By the middle of the 20th century, some theologians favored replacing Transubstantiation with a different concept, arguing that the Aristotelian notion of substance had been superseded. Pope Pius XII firmly rejected any such attempts:
Some even say that the doctrine of transubstantiation, based on an antiquated philosophic notion of substance, should be so modified that the real presence of Christ in the Holy Eucharist be reduced to a kind of symbolism, whereby the consecrated species would be merely efficacious signs of the spiritual presence of Christ and of His intimate union with the faithful members of His Mystical Body.
(Pope Pius XII, Encyclical Humani Generis, n. 26)
These condemnations by Popes Pius VI and Pius XII drive a dagger through the heart of Muller’s approach to the Real Presence. His underlying thesis — namely, that one can adequately express the dogma of the Real Presence without the Aristotelian-scholastic terminology consecrated by the Church for this purpose — is thus exposed as false and dangerous.
It is important to keep in mind that the notions of substance and accident are an intrinsic part of the dogma. They are not merely a convenient explanatory model temporarily borrowed by the Church in order to express a truth to a particular audience at a particular point in the long-gone past, only to be replaced by one more suitable to our times as the need may arise.
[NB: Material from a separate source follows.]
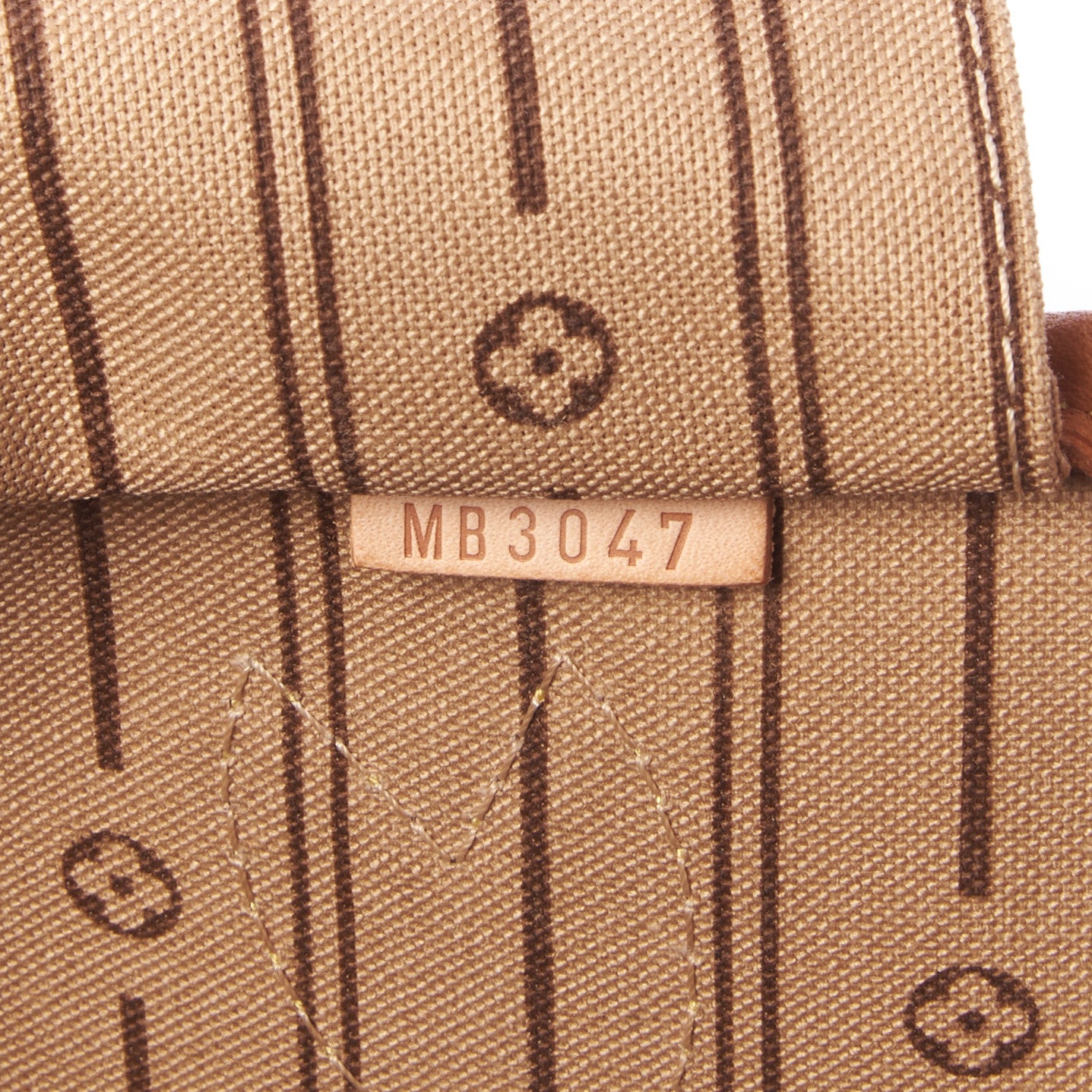 Monogram Neverfull PM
If that were so, then the Church would be in continual need of “updating” (aggiornamento!) her teachings according to the whims and mores of contemporary man. Instead of being “the pillar and ground of the truth” (1 Tim 3:15), the Church would be but a house “built … upon the sand” (Mt 7:26), a “reed shaken with the wind” (Mt 11:7), “tossed to and fro, and carried about with every wind of doctrine” (Eph 4:14).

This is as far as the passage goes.